Monday, March 1, 2021

Clash of the node paradigms for the BTC 'community'! - Taproot activation options bringing this matter to a head again.

One of the fascinating things about how the block size debate played out was that one of the first 'forks' we had was a diverging of opinions of 'who is in charge' of Bitcoin.

For Satoshi, when every wallet was a mining node, CPU power was the means of 'voting' for or against changes. There was then a period when mining got separated physically but where miners were still considered to be an integral part of the the community. Developers took a lead (e.g. for an emergency hard fork) but everyone was assumed to be on the same side. It was, however, acknowledged that minors could theoretically go against 'users' and u/RustyReddit pretty much sums up how I always saw it and still do: "...miners are most directly vulnerable to the economic majority of users: in a fork they have to pick sides continuously knowing that if they are wrong, they will immediately suffer economically through missed opportunity cost. Of course, economic users are ultimately in control.".

Then with the block size debate, one of the many small-blocker narratives that was pushed was that of miners being evil and the enemy of bitcoin which morphed into the idea that miners are merely the servants or workers of the noble Bitcoin user who en-masse with their Raspberry-nodes are the 'true bitcoiners' who ought (and do) say what goes1.

Long story short, this is how it played out: by playing chicken with the miners, led by u/luke-jr, the BIP148 army, by implementing a UASF node implementation that would, in the event of the miners not conceding, cause a fork without replay protection and with serious risks of re-orgs, 'forced' the miners to signal for and to implement Segwit. Ever since then, the accepted BTC-maxi narrative2 is that these 'champions' stopped the evil miners from blocking Segwit which, proof-of-hat told us is what the 'community' wanted (and nobody wanted big blocks either because apparently there was never an argument).

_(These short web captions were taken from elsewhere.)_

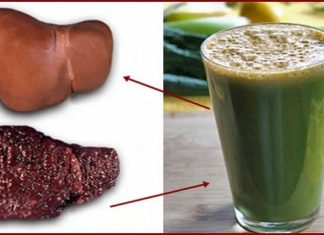 KADA JE JETRA PUNA TOKSINA I VI SE DEBLJATE: Sa ovim napitkom OČISTITE JETRU u potpunosti ZA 72 SATA! KADA JE JETRA PUNA TOKSINA I VI SE DEBLJATE: Sa ovim napitkom OČISTITE JETRU u potpunosti ZA 72 SATA! - featured image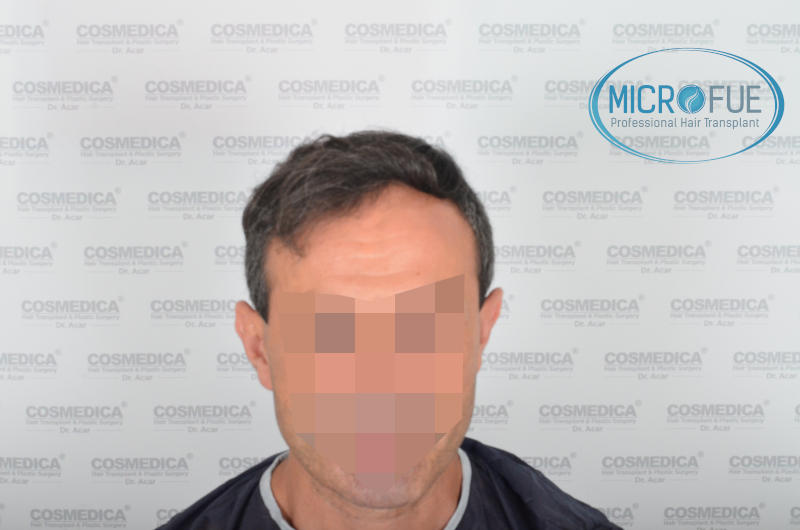 Evolución de trasplante capilar microfue Evolución de trasplante capilar microfue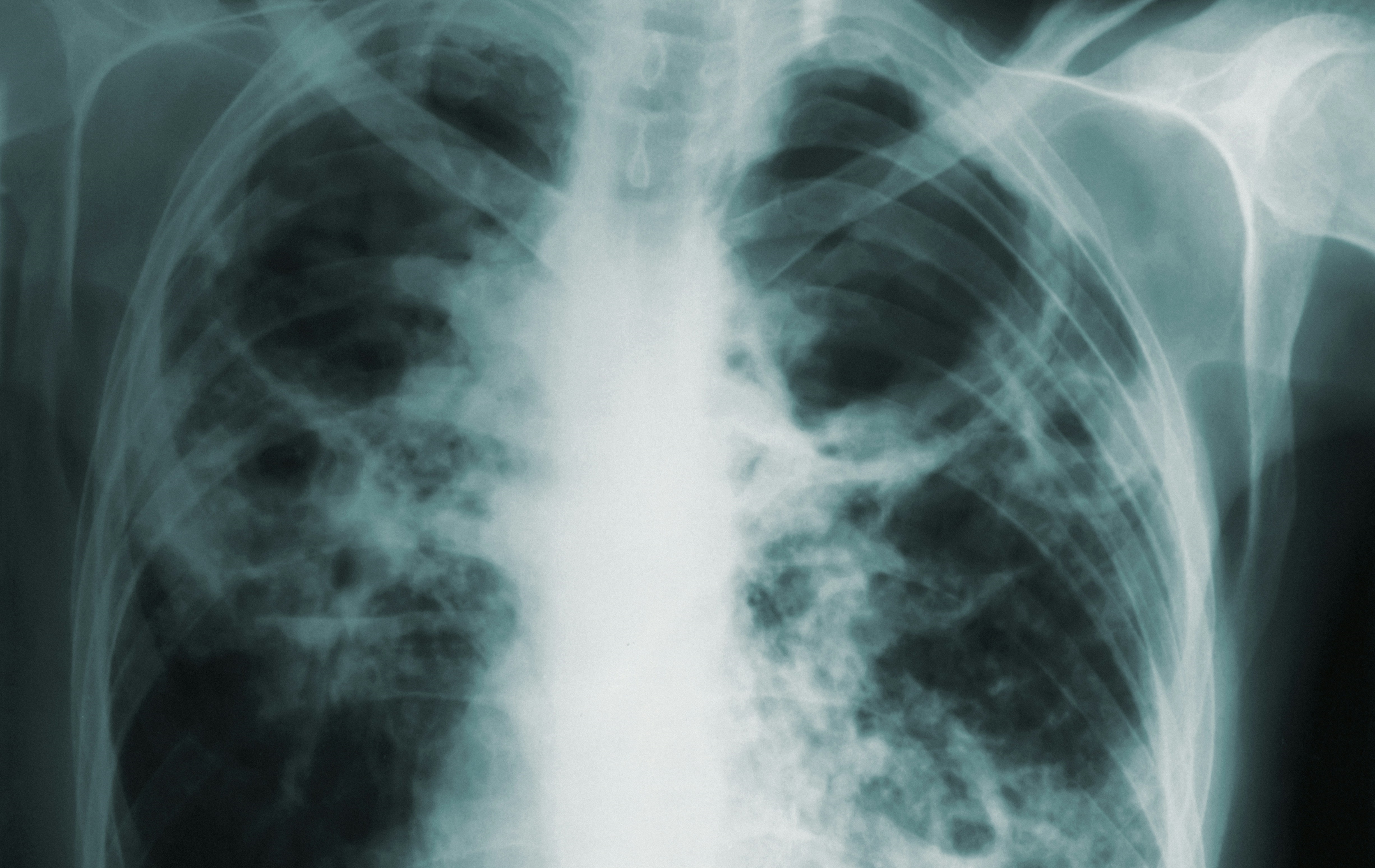 227 новых случаев туберкулёза выявлено в Марий Эл в 2023 году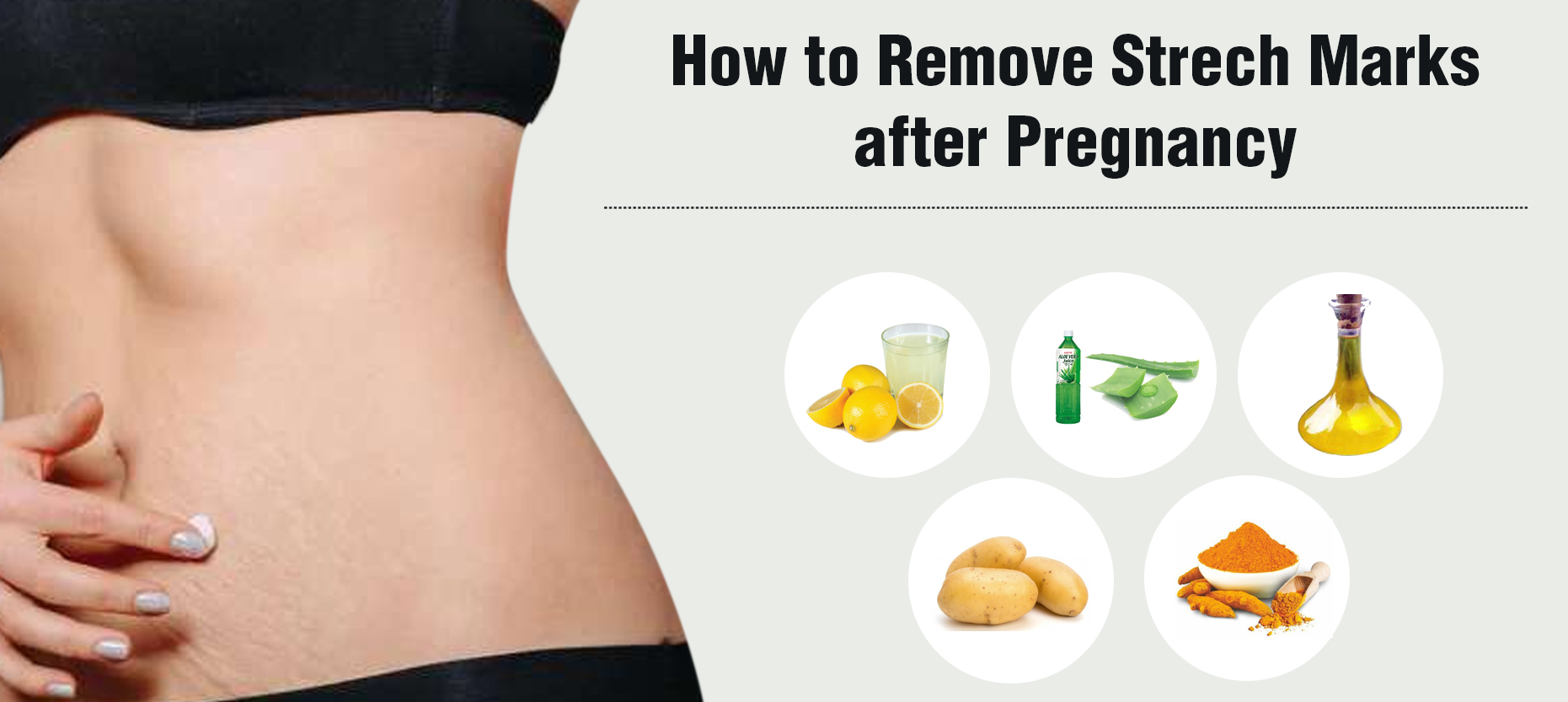 How to Remove Stretch Marks after Pregnancy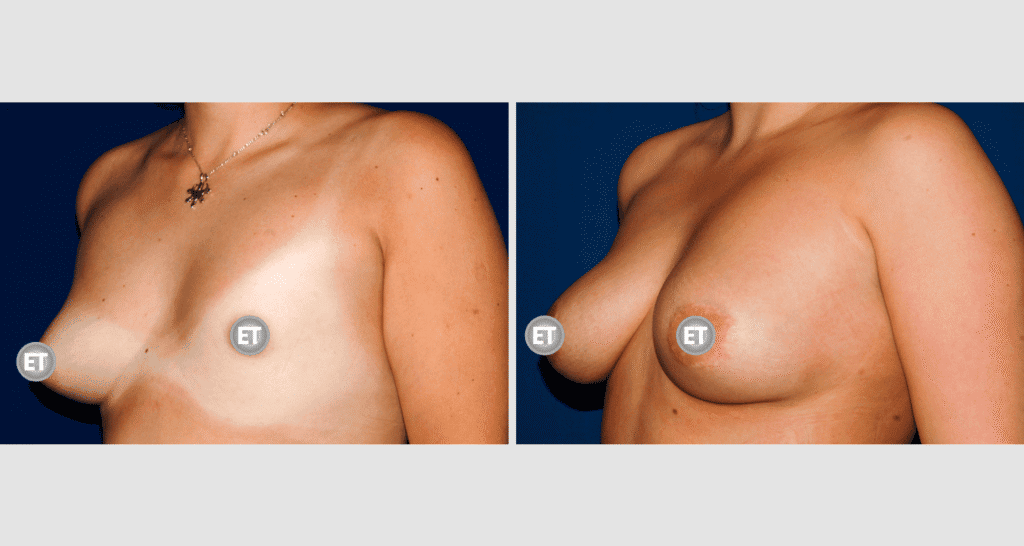 Vorher/Nachher Ergebnis: Mammatubulaere Deformitaet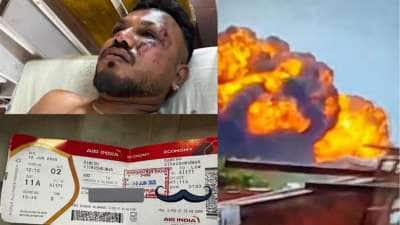 அகமதாபாத் விமான விபத்து : ஒருவர் உயிருடன் இருக்கிறார், புகைப்படத்தை வெளியிட்ட காவல்துறை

Roll on to today and we're seeing it happen again. No-nuance Luke, whilst still maintaining that developers have no power, is pushing a proposal that allows him (and his maxi devotees) to maintain their belief that the 'true, node-running bitcoiners' ultimately have the power. (From what I understand, LOT=TRUE basically says if the miners don't agree to what 'is ethical and has sufficient community support'3, the 'noble node users' will threaten to throw the toys out of the pram again unless the miners concede). The irony is that nobody is really objecting to Taproot! But the combination of having soft-fork-whatever-the-cost-AND-NEVER-A-HARD-FORK as a red line and with the challenge of trying to find workarounds to that inflexibility was inevitably going to lead them to this dilemma again.

At least I'm watching from the side lines this time :)**

1 See the comments in this thread to see the latter-day prevelance of this attitude

2 This re-writing of history is repeated adnauseum by twitter trolls

3 I guess his Jesus back-channel gives him this info because he doesn't certainly doesn't approve of voting or signaling (unless, of course, everyone is signaling for what according to luke-jr 'is ethical and has community support').